Il salvataggio della Fondiaria Sai è diventato una specie di pochade finanziaria-sentimentale, piena di intrighi e colpi di scena, ma adesso la vicenda si arricchisce di dettagli ai limiti del surreale. Bisogna ricordare che a inizio agosto avevamo lasciato i protagonisti di questa “operazione di sistema” alle prese con doppio flop: sia l’aumento di capitale di FonSai sia quello parallelo di Unipol (1,1 miliardi a testa) si erano chiusi con un ampio “inoptato”, che vuole dire che non erano stati trovati abbastanza investitori disposti a metterci i soldi. Nel caso di FonSai, mancano all’appello 432 milioni (fra azioni ordinarie e risparmio), ossia il 61% della parte di aumento soggetta a rischio mercato.
Arrivati dunque a settembre, è partita l’asta dei diritti di opzione che il mese scorso era stata rinviata a settembre, in attesa di tempi migliori. Avviata ieri con la vendita di 975 diritti, l’asta si è chiusa oggi. In un solo colpo, sono stati acquistati i rimanenti 1,153 milioni di diritti di opzione sulle azioni ordinarie. Tutto esaurito, quindi, un successone? A prima vista si direbbe di sì, senonché al prezzo di 0,0002 euro ciascuno, fanno in totale 230 euro. Che è come dire zero. Non si vedono code di investitori, nonostante l’imponente schieramento di banche del consorzio.
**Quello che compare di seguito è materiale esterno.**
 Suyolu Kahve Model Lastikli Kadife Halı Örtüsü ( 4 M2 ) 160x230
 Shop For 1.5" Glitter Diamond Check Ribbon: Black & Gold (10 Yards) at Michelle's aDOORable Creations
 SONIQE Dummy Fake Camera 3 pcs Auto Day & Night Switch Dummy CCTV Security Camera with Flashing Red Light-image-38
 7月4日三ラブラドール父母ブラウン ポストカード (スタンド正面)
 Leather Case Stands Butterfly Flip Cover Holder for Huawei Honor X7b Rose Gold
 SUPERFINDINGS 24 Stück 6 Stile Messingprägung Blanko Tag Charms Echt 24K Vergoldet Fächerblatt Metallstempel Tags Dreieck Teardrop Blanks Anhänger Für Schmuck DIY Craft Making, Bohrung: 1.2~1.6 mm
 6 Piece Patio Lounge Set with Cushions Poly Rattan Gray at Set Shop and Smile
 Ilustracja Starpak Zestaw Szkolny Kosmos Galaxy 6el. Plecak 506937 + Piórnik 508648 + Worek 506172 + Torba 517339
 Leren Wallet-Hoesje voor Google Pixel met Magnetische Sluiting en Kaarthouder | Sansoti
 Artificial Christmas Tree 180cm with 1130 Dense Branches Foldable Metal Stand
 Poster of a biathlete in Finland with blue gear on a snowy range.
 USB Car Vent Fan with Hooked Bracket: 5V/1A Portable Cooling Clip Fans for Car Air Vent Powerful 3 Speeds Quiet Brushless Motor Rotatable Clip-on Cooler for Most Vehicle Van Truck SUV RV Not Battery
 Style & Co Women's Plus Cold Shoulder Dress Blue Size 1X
Su Unipol, inoltre, i giochi sono ancora aperti: sono stati piazzati 2,8 milioni di diritti su un totale di 5,7 milioni.
Sarà curioso vedere se questi diritti verranno esercitati integralmente (c’è tempo fino al 10 settembre, e servono 290 milioni), chi li eserciterà e dove saranno parcheggiate le azioni non assobirte dal mercato.